_Requirement_. Every line from the one with "Kia Sportage #SERVISNA#TVORNIČKO" to the one with "3D графика и анимация — фото 2", including those two, is to be copied exactly; all other lines of the entries below are left out.

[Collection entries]

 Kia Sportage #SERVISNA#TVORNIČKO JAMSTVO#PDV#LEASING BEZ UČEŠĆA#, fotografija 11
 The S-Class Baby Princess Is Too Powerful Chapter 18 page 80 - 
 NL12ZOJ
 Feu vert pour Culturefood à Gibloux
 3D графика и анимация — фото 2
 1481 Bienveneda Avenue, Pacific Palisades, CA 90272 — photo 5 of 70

...

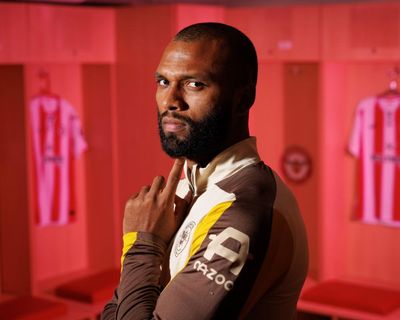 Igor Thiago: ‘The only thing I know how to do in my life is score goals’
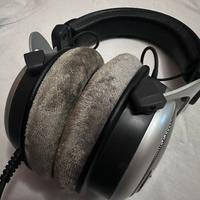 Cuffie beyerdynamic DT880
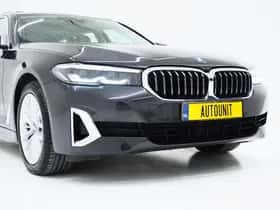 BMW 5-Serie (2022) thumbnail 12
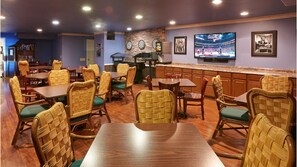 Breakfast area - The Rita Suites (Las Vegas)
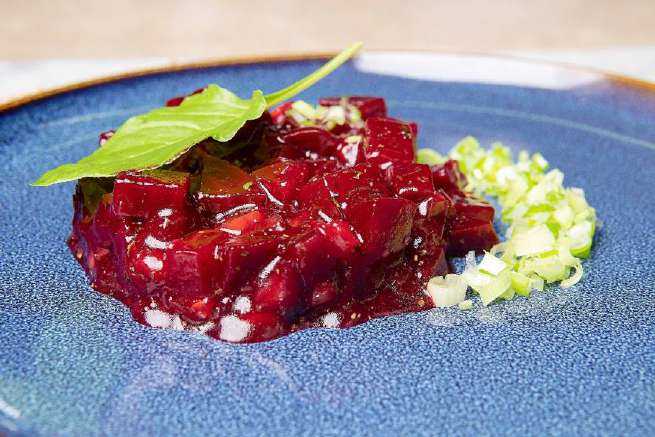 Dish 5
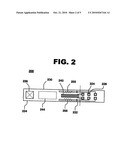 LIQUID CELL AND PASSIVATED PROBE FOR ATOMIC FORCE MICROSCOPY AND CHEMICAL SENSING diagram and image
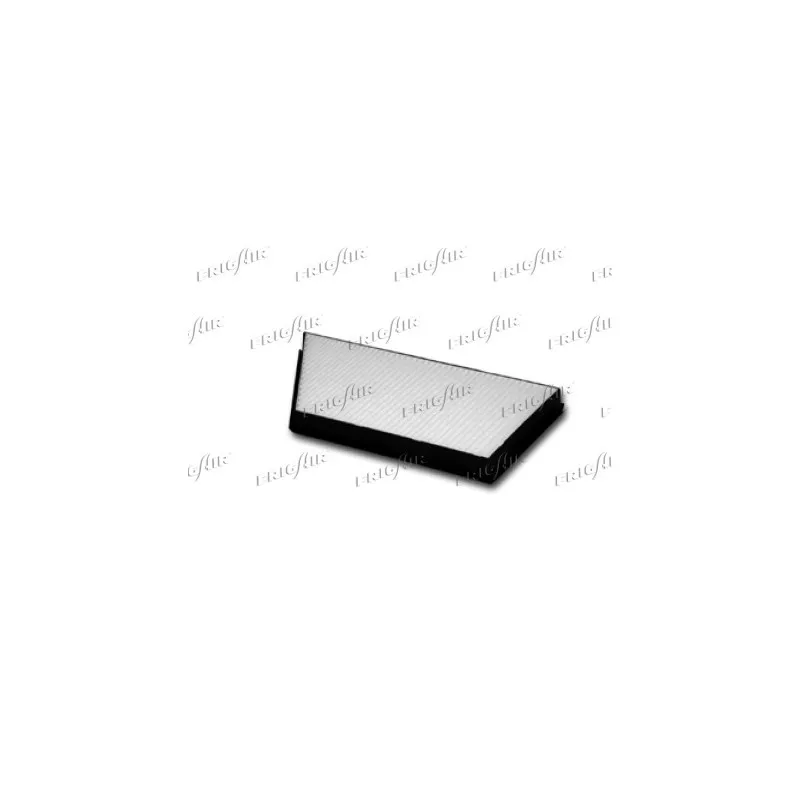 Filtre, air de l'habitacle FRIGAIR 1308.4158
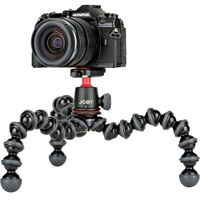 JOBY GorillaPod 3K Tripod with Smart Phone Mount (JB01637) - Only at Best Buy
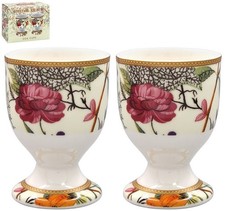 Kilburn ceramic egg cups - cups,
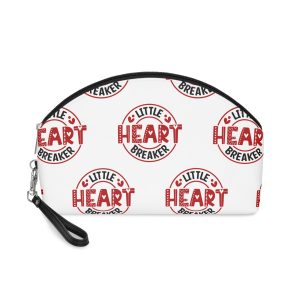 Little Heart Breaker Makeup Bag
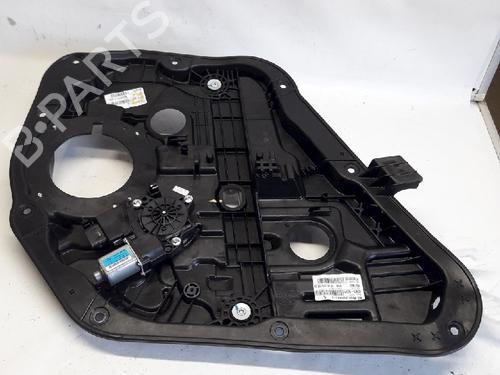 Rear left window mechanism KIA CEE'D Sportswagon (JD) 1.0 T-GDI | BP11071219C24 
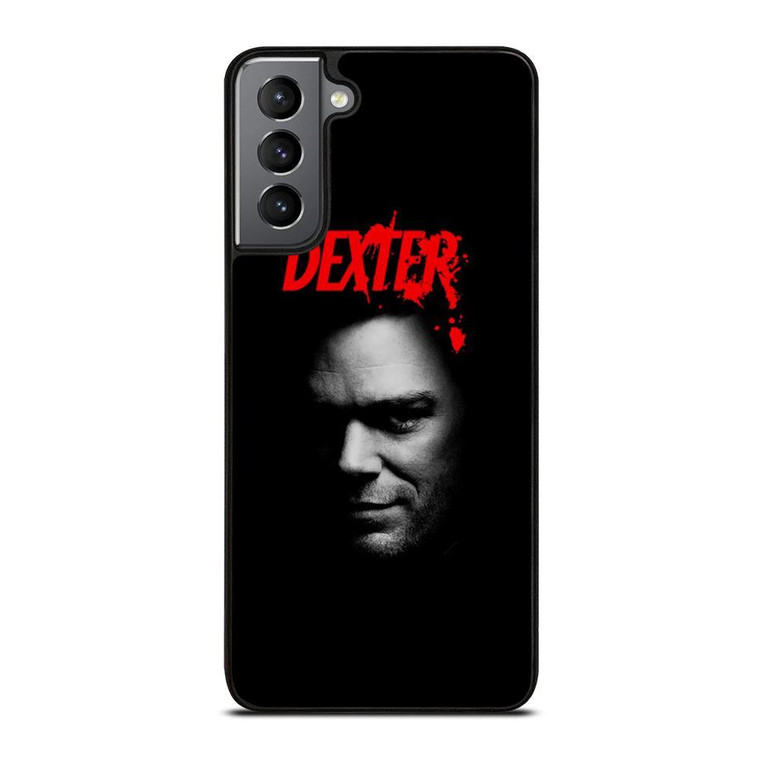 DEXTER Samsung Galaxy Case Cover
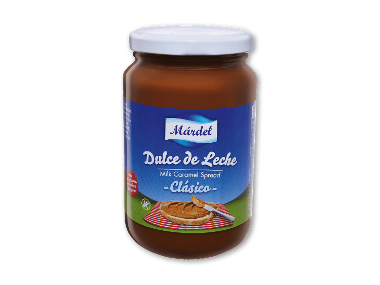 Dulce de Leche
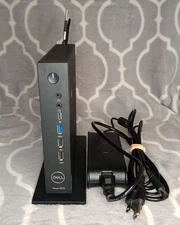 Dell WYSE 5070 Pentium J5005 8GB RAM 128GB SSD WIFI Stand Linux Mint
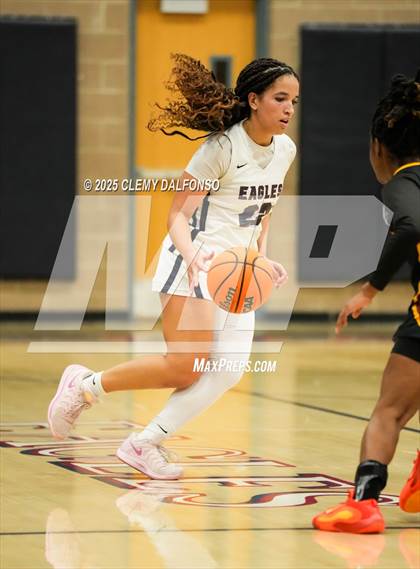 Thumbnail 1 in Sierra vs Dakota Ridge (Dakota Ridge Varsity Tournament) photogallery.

* * *

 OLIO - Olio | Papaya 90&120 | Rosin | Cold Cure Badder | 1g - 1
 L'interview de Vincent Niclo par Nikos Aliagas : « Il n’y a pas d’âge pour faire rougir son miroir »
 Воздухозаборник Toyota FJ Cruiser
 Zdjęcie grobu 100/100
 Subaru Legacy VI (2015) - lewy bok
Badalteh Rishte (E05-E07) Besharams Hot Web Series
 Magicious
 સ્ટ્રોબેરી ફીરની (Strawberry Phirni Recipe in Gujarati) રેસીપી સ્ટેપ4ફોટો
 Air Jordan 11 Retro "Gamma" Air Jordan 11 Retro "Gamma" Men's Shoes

_Answer to this exercise_.
 Kia Sportage #SERVISNA#TVORNIČKO JAMSTVO#PDV#LEASING BEZ UČEŠĆA#, fotografija 11
 The S-Class Baby Princess Is Too Powerful Chapter 18 page 80 - 
 NL12ZOJ
 Feu vert pour Culturefood à Gibloux
 3D графика и анимация — фото 2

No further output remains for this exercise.